- Task prompt -
The listing below holds pictures; exclude them. Return exactly the lines from the one with "API Spec 6FB" through the one with "-曹家小菜(胜太路店)".

*** Opening Records to process ***

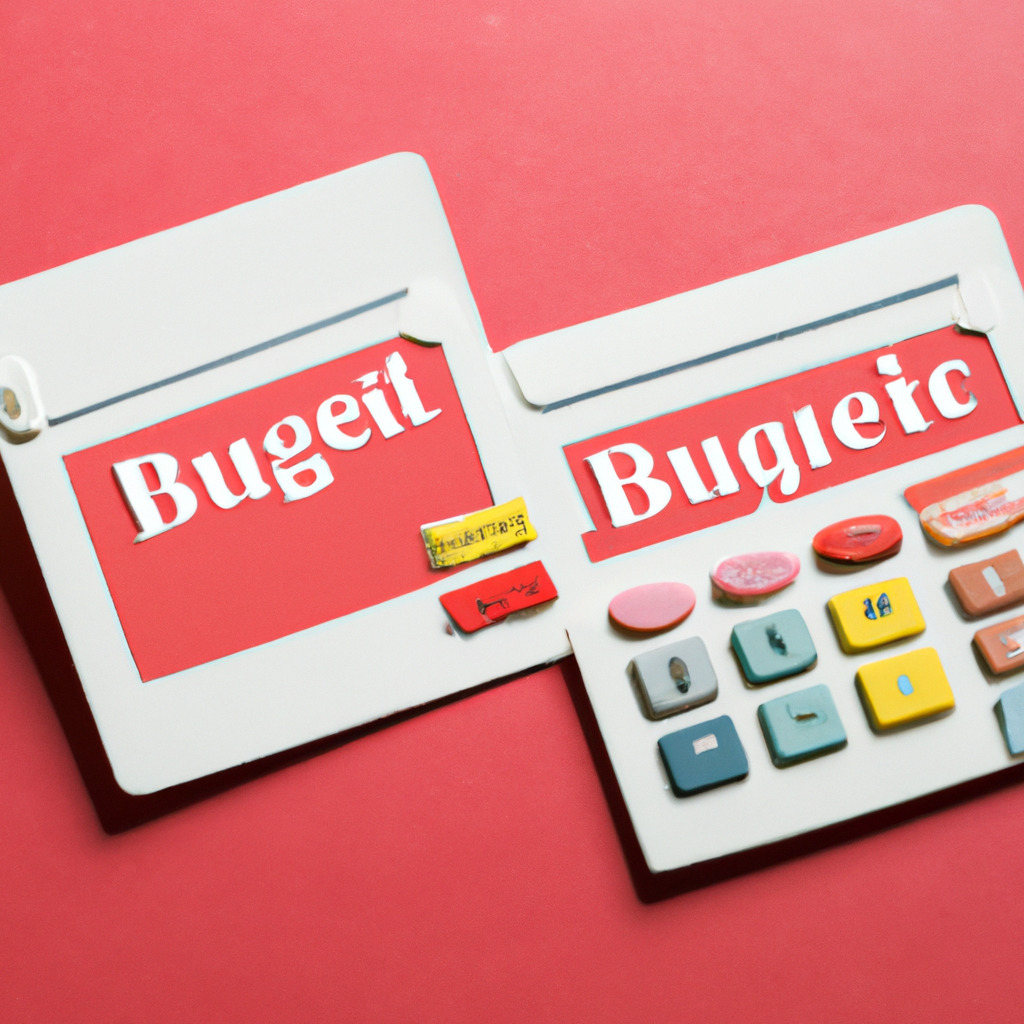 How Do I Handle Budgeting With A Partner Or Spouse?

*** Closing Records to process ***
*** Opening Records to process ***

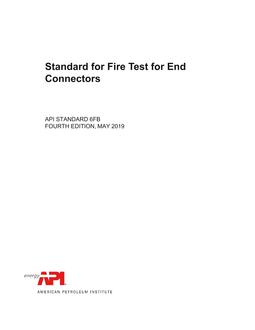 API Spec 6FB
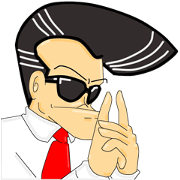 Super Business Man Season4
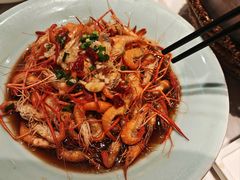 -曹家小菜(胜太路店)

*** Closing Records to process ***

- Solved exercise -
 API Spec 6FB
 Super Business Man Season4
 -曹家小菜(胜太路店)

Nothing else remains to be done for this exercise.